■ **Exercise directions**
The line bearing "Fleece MELANIA Beige", together with all lines after it to the end of the material, should be repeated exactly; leave out everything else.

---- Record set

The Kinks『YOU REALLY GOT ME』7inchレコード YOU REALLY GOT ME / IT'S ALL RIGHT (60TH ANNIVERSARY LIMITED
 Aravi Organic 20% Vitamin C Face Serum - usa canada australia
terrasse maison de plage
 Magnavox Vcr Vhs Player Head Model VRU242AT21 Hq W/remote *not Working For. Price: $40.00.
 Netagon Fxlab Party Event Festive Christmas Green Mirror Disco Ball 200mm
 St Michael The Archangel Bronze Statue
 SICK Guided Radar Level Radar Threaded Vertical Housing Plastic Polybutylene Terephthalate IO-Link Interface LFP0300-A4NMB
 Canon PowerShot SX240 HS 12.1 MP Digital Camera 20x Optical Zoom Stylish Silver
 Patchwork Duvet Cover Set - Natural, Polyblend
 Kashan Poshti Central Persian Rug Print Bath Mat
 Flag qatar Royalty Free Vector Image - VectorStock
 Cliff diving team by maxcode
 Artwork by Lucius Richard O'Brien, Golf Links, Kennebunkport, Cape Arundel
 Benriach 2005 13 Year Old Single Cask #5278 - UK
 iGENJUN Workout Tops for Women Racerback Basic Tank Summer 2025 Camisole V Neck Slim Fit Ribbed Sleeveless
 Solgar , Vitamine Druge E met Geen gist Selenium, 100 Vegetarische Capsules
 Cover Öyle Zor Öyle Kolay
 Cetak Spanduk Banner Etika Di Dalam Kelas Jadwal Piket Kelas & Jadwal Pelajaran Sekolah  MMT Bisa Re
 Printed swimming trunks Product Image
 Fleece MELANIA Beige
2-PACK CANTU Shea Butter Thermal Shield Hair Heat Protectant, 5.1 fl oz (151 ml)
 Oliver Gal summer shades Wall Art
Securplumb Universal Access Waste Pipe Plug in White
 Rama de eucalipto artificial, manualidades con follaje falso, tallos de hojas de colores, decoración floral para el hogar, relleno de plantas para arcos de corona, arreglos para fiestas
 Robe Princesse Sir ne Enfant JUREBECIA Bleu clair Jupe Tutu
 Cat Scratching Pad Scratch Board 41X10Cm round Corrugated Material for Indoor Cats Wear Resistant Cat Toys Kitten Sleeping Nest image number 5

--------

■ **Reply**
 Fleece MELANIA Beige
2-PACK CANTU Shea Butter Thermal Shield Hair Heat Protectant, 5.1 fl oz (151 ml)
 Oliver Gal summer shades Wall Art
Securplumb Universal Access Waste Pipe Plug in White
 Rama de eucalipto artificial, manualidades con follaje falso, tallos de hojas de colores, decoración floral para el hogar, relleno de plantas para arcos de corona, arreglos para fiestas
 Robe Princesse Sir ne Enfant JUREBECIA Bleu clair Jupe Tutu
 Cat Scratching Pad Scratch Board 41X10Cm round Corrugated Material for Indoor Cats Wear Resistant Cat Toys Kitten Sleeping Nest image number 5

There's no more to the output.